I have many communicative, eager and committed Polish learners of English. Honestly, it’s always been a pleasure to teach them. As I have a reasonable knowledge of Polish, I tend to recognise the errors Polish learners of English make as a result of negative language transfer. Negative language transfer, or negative language interference, occurs when differences between the structures of two languages cause systematic errors in the learning of the L2. Unfortunately, many of these errors have become fossilised. Drawing the learner’s attention to these fossilised errors after class, or correcting them while they are speaking, are fruitless tactics when it comes to cutting the errors out for good.
While it’s true that fossilised errors generally don't affect the listener’s comprehension of a message, this is no excuse for the teacher to sit back and relax, and let the errors keep rolling in. Worryingly, the learner may not even be aware of his or her fossilised errors. Hence, the teacher has to step in.

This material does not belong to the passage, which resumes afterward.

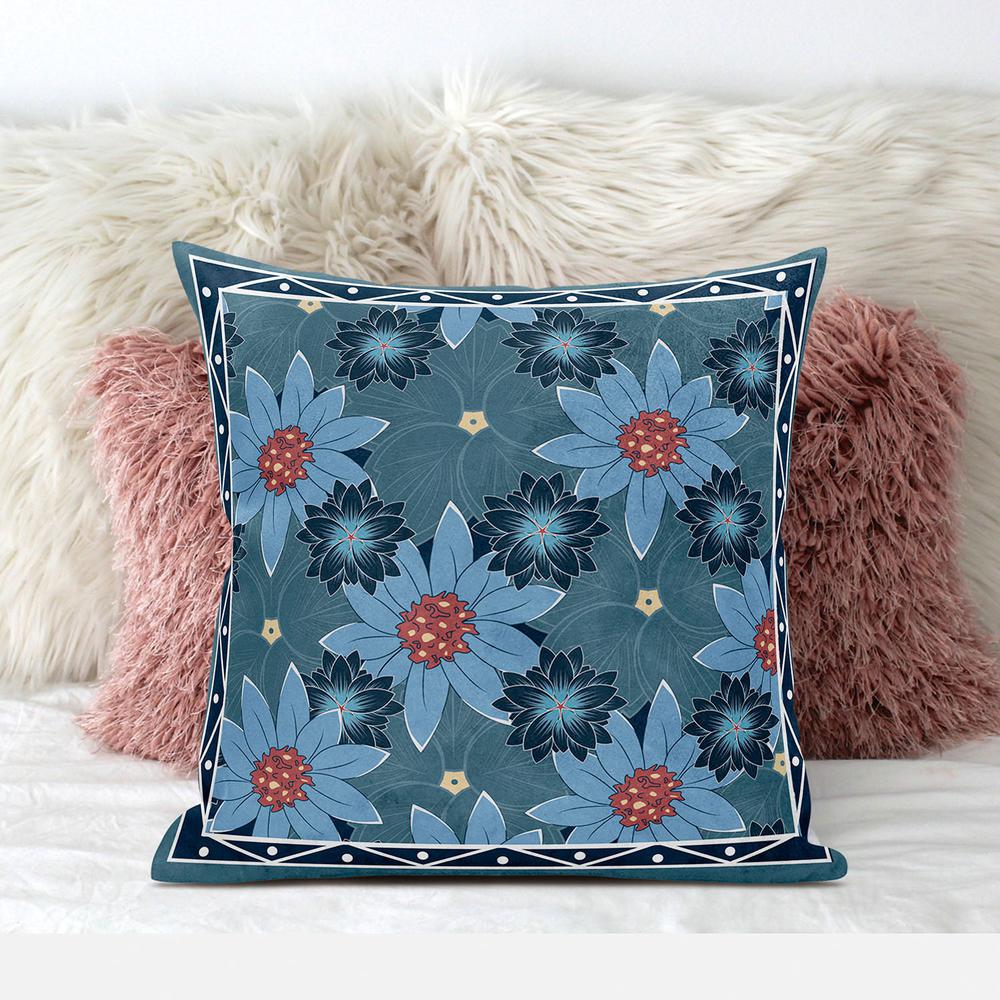 16x16 Blue Red Blown Seam Broadcloth Floral Throw Pillow. Picture 5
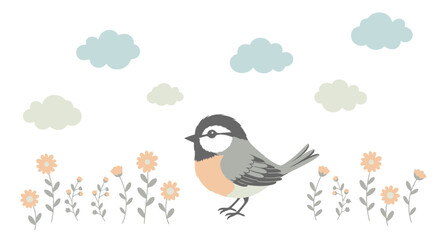 Cute little bird illustration with pastel flowers and clouds on a white background © Irma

Aside from straightforward error correction after class, there are other methods available to tackle fossilisation. I shall discuss these in the next section.
5. The fluency is there but the complexity is not
It’s one thing being fluent and using well-known and simplistic language forms with ease. However, it’s totally another thing for the learner to make conscious strides to acquire new linguistic forms to make his or her language appear more sophisticated.
Richards argues that for the learner’s linguistic system “to take on new and more complex linguistic items, the restructuring or reorganisation of mental representations is required, as well as opportunities to practice these new forms.” (p.8).
Food for thought indeed.
While the teacher can provide opportunities for learners to practise new structures, I’m more interested in the mental processing that’s required to acquire complex linguistic forms. I think that EFL teachers have no idea how complicated it is for a learner to acquire and begin to use linguistic forms such as the present perfect aspect or the combination preposition + gerund. Role-play tasks, gap-fill exercises and a few discussions will not help the matter.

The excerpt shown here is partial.